• [EXERCISE] Everything below from the line with "Your Pencil Is Sharp Enough by Laurie Foley" through the line with "31省新增25例确诊其中本土9例︰(31省新增确诊52例本土36例)" must be retyped exactly, except the pictures.

• [INFORMATION GIVEN]
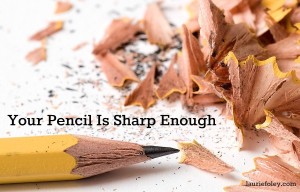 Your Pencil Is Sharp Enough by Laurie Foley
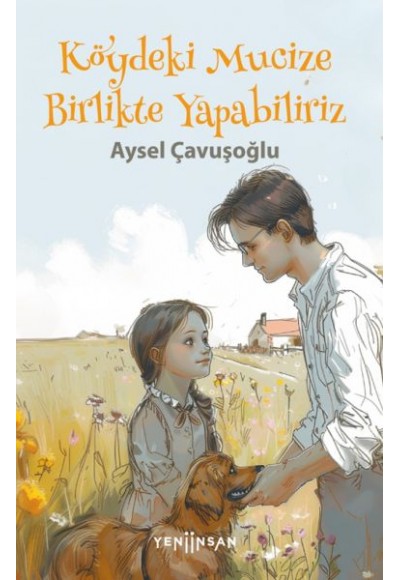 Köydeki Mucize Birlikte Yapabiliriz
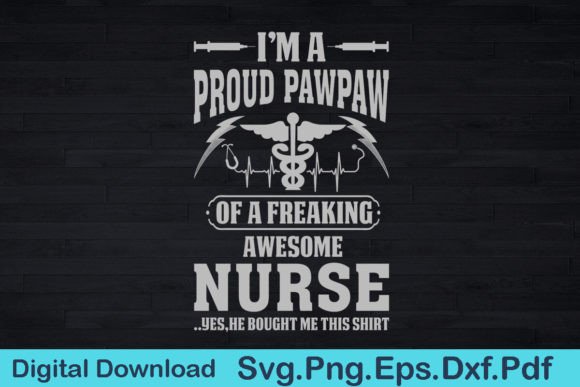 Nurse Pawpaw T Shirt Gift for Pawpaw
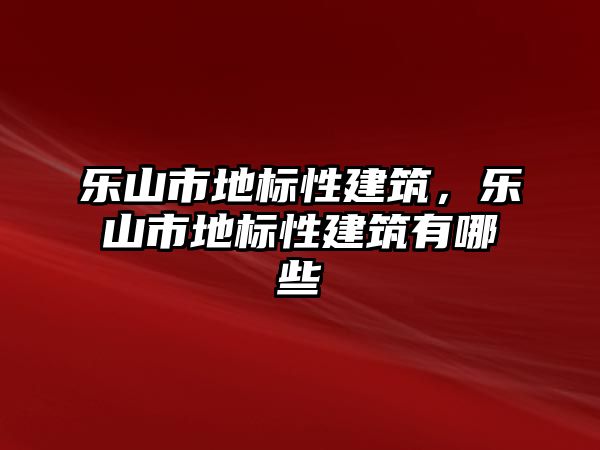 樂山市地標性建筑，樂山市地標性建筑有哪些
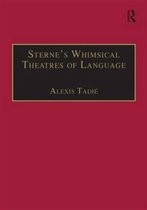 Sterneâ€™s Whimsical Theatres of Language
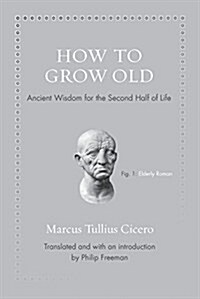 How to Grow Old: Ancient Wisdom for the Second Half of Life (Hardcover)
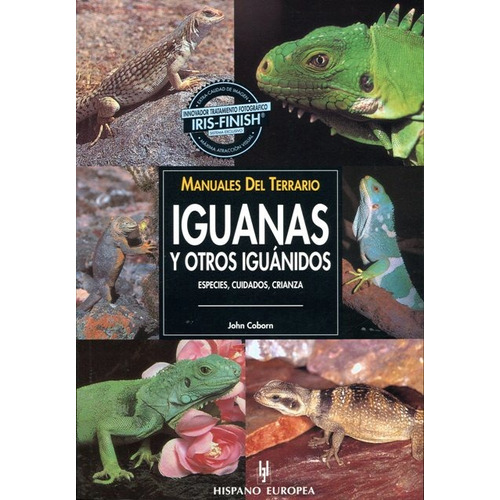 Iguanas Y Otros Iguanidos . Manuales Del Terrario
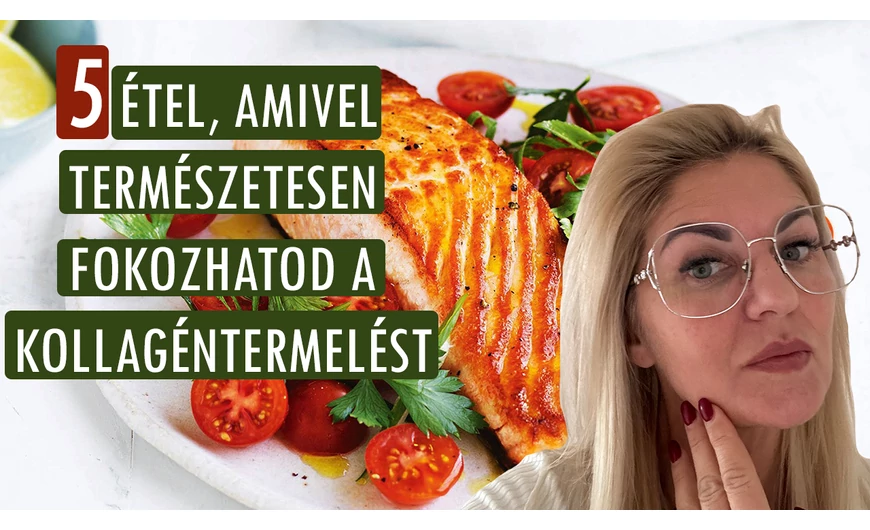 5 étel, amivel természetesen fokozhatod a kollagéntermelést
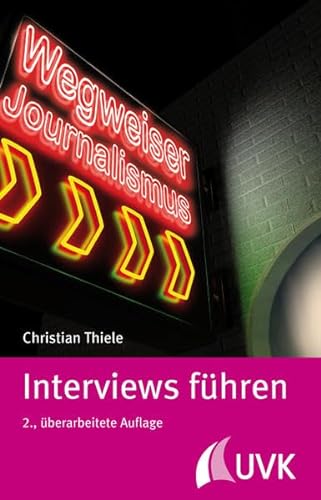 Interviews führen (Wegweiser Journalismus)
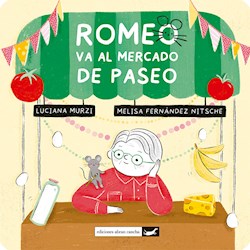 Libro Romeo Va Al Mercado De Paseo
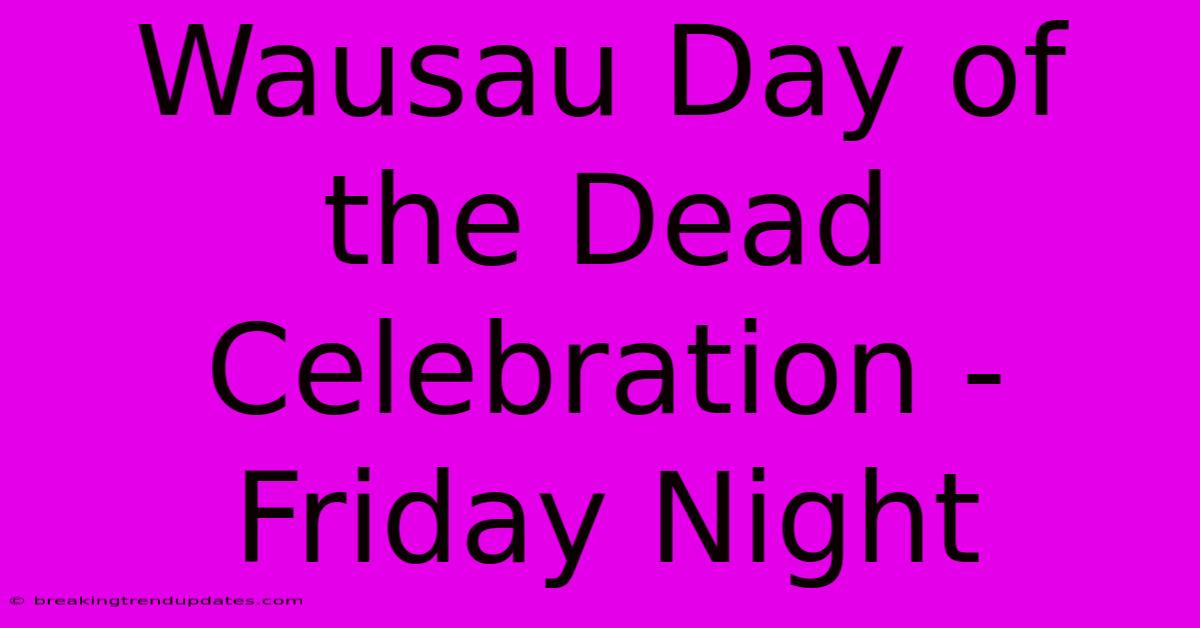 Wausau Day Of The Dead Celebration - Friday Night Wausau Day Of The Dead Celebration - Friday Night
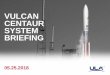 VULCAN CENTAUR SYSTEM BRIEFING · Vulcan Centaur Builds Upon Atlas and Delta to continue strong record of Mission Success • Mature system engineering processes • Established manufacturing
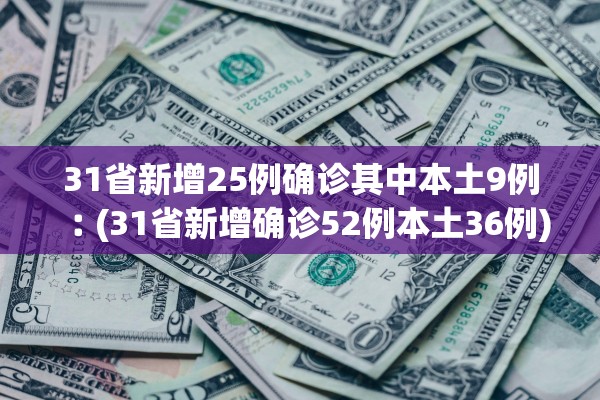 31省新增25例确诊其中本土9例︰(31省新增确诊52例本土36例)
...
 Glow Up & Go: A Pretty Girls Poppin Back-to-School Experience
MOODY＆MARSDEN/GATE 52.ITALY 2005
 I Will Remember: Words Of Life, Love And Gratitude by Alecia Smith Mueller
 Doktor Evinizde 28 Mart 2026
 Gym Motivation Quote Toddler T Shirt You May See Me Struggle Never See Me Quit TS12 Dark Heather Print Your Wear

• [WRITTEN SOLUTION]
 Your Pencil Is Sharp Enough by Laurie Foley
 Köydeki Mucize Birlikte Yapabiliriz
 Nurse Pawpaw T Shirt Gift for Pawpaw
 樂山市地標性建筑，樂山市地標性建筑有哪些
 Sterneâ€™s Whimsical Theatres of Language
 How to Grow Old: Ancient Wisdom for the Second Half of Life (Hardcover)
 Iguanas Y Otros Iguanidos . Manuales Del Terrario
 5 étel, amivel természetesen fokozhatod a kollagéntermelést
 Interviews führen (Wegweiser Journalismus)
 Libro Romeo Va Al Mercado De Paseo
 Wausau Day Of The Dead Celebration - Friday Night Wausau Day Of The Dead Celebration - Friday Night
 VULCAN CENTAUR SYSTEM BRIEFING · Vulcan Centaur Builds Upon Atlas and Delta to continue strong record of Mission Success • Mature system engineering processes • Established manufacturing
 31省新增25例确诊其中本土9例︰(31省新增确诊52例本土36例)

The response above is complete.